• **Data provided**:
[Start of section]

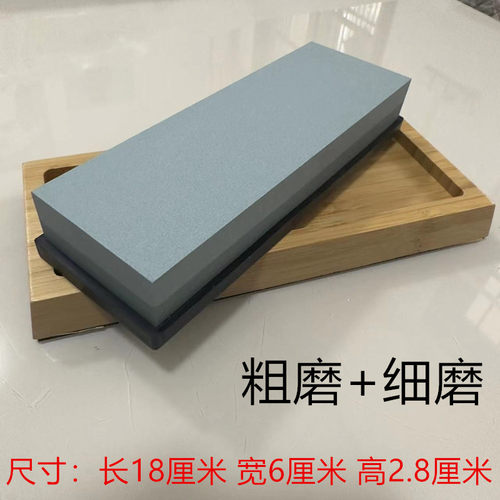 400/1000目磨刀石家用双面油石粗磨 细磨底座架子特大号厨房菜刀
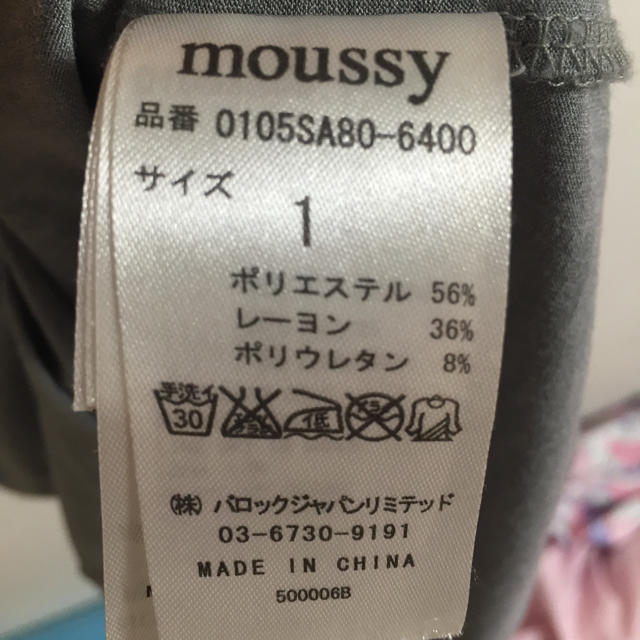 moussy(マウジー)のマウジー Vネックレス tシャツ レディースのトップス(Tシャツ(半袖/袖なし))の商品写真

[End of section]
[Start of section]

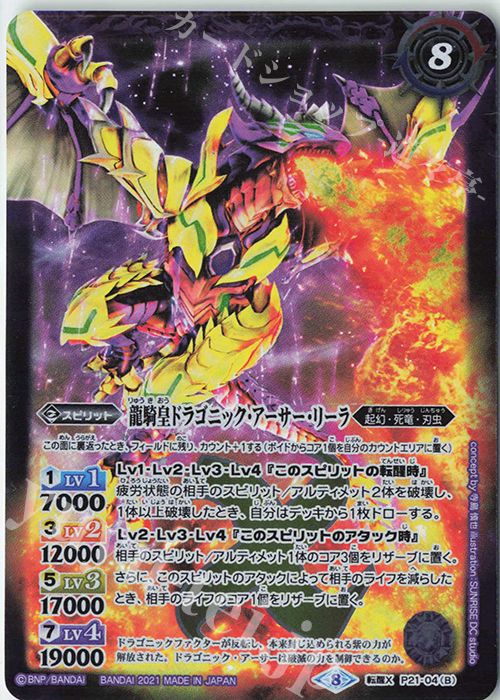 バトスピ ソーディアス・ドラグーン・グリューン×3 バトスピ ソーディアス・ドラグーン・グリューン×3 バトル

[End of section]
[Start of section]

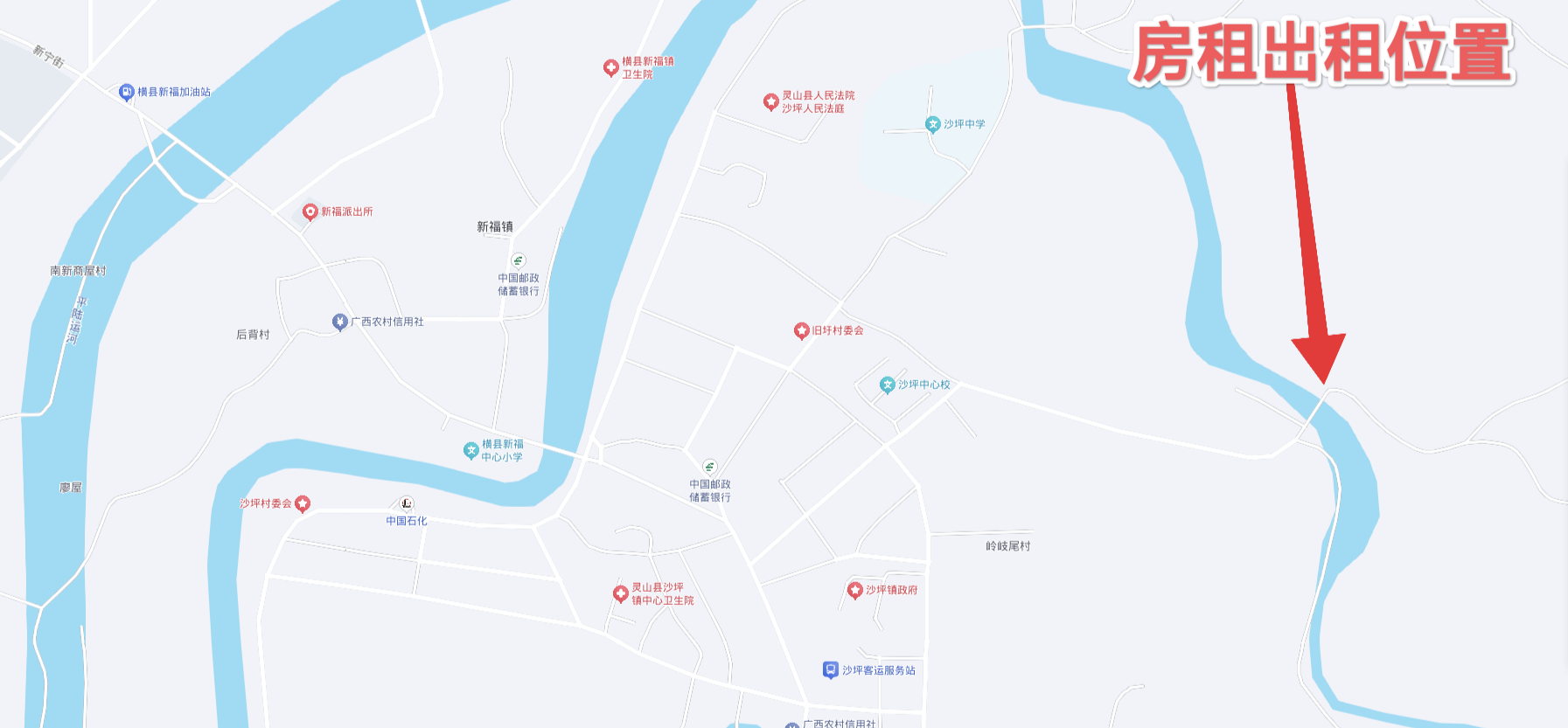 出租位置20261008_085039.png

[End of section]

• **How to complete this task**: Repeat exactly the lines above, beginning at the one containing "400/1000目磨刀石家用双面油石粗磨 细磨底座架子特大号厨房菜刀" and ending at the one containing "moussy(マウジー)のマウジー Vネックレス tシャツ". Do not carry over any pictures.

• **Task solution**:
 400/1000目磨刀石家用双面油石粗磨 细磨底座架子特大号厨房菜刀
 moussy(マウジー)のマウジー Vネックレス tシャツ レディースのトップス(Tシャツ(半袖/袖なし))の商品写真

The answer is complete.